**TASK DATA**
= = = = =
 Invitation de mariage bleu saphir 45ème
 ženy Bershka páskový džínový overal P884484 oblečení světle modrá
= = = = =
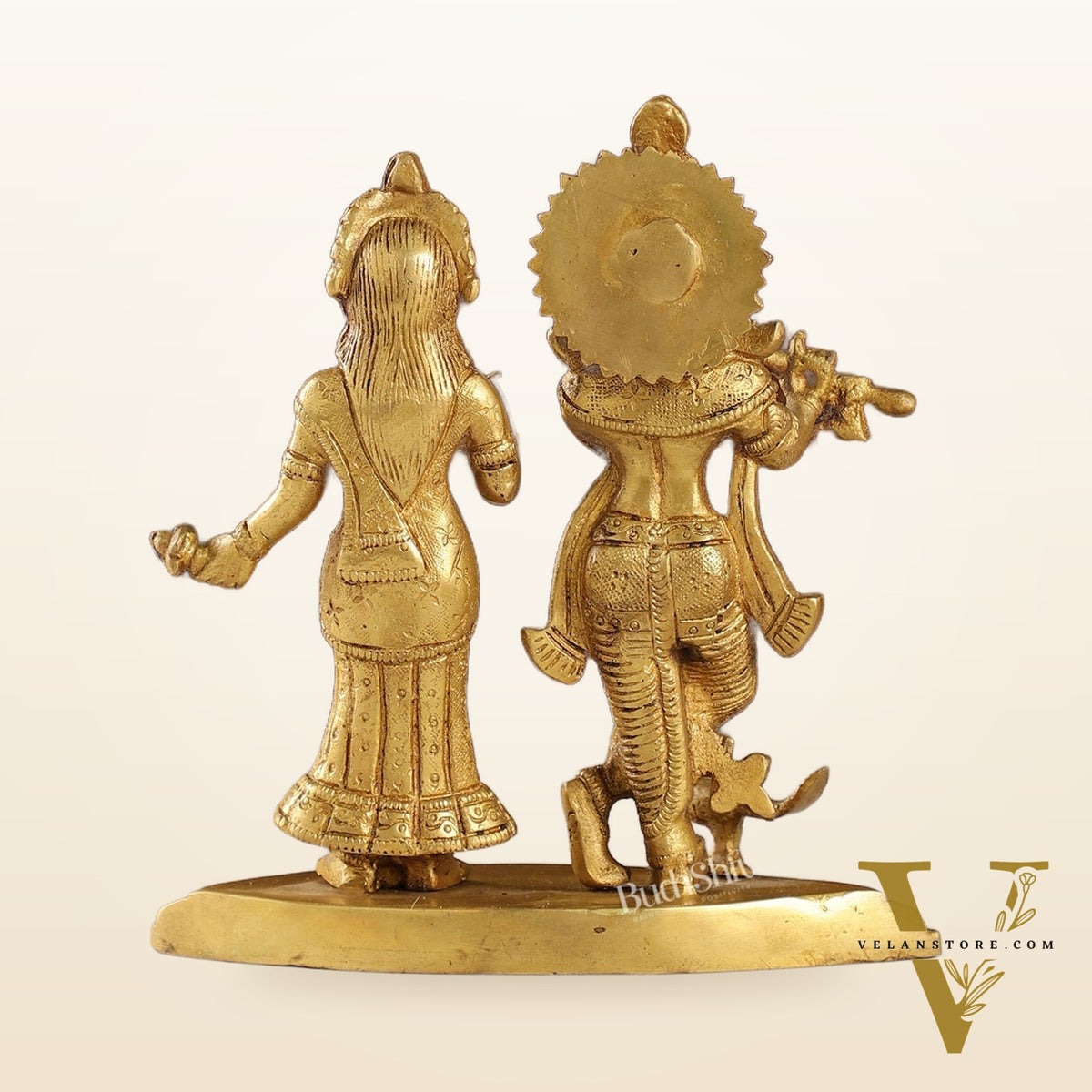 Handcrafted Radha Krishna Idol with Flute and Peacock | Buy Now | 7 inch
= = = = =
**WHAT YOU WILL DO**
Please, from the material above, copy only the lines from the line with "Invitation de mariage bleu saphir 45ème" up to and including the line with "ženy Bershka páskový", exactly as written.

**SOLUTION**
 Invitation de mariage bleu saphir 45ème
 ženy Bershka páskový džínový overal P884484 oblečení světle modrá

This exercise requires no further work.